Ежегодные выступления В.В. Путина являются событиями, значимыми для всех сфер жизни страны, поскольку в них отражено их настоящее и планируется ближайшее будущее. Поэтому интерпретация его слов чрезвычайно важна и определяет направление их реализации. В частности, большую роль в этом вопросе играют средства массовой информации.
В разделе о школьном образовании президент корректно говорит о том, что «в школе нужно развивать творческое начало, школьники должны учиться самостоятельно мыслить, уметь работать индивидуально и в команде, решать нестандартные задачи, ставить перед собой цели и добиваться их» [1]. Всё сказанное верно и возражений вызвать не может. Напротив, постановку этих задач можно только приветствовать - тем более это актуально в условиях ЕГЭ.
То, как сказанное воспринято нашей передовой прессой, можно сказать, демонстрирует её свободу. Но беда в том, что допущенная неточность в пересказе полностью исказила содержание сказанного президентом. Я думаю, что читатель даже без филологического образования, которое получил журналист, увидит разницу между вышеприведенным текстом и тем, что написано далее: «школьники должны нестандартно мыслить, уметь ставить задачи и их решать» [2]. В этой цепочке трансформаций пишется уже о том, что президент призывает к развитию у школьников нестандартного мышления.
В чем же дело? А дело, оказывается, в стандартном мышлении. Это умственная деятельность по памяти, по образцу. Здесь решающим является только наш жизненный опыт: то, что хранит наша память. Упоминание нестандартных задач вызвало ассоциацию с нестандартным мышлением. Я уважаю данные газеты и особенно уважаю их главных редакторов. Я допускаю, что журналист все-таки задался вопросом: «А почему Путин сказал о решении нестандартных задач, если уже сказал о самостоятельном мышлении?» И тут на память приходит масса текстов учёных, которые, говоря о креативности, связывают её с наличием нестандартного мышления. Ну, а для развития нестандартного мышления, конечно, надо решать нестандартные задачи. Мы видим, что журналист не виноват, а виноваты учёные.

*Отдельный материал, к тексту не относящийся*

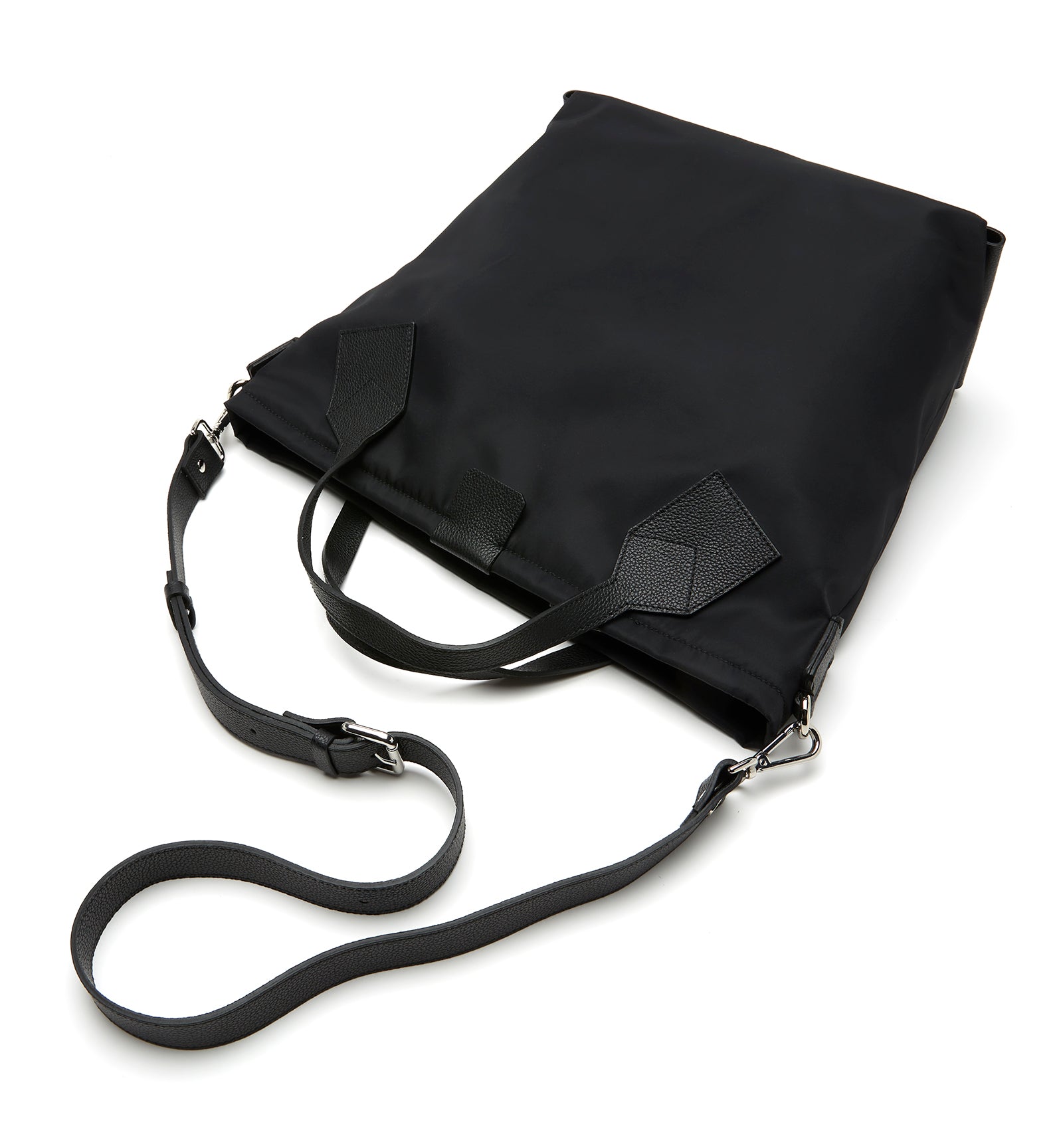 MANTRA NYLON TOTE BAG - La Canadienne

Однако задача этой статьи - не обвинить кого-то, а напротив, защитить. Защитить школу от той беды, с которой она постоянно сталкивается, чтобы она не обрушилась на неё с новой силой. А бедой я называю стремление развивать у детей нестандартное мышление.
Почему же это беда?
Начнем с того, что решать нестандартные задачи надо, потому что они заставляют думать. В отличие от стандартных задач, задач учебных, задач на правило. Прошли в школе сложение и всю неделю до новой темы будете решать задачи на сложение: «В 7-ой класс «А» передали 4 пачки с карандашами, в класс «Б» передали 6 пачек, а в класс «В» 5 пачек с карандашами. Сколько пачек передали в 7-е классы?». Количество пачек может меняться, также - и количество содержимого, но вы должны все складывать. Если вы овладели этой операцией, то думать не надо. Таких задач множество и в быту. Если вы стоите в очереди за новогодними подарками своим сослуживцам и сомневаетесь, хватит ли у вас на все денег, то надо просто вынуть кошелек и посчитать деньги. Это задача стандартная. Но если денег мало, то перед вами уже нестандартная задача.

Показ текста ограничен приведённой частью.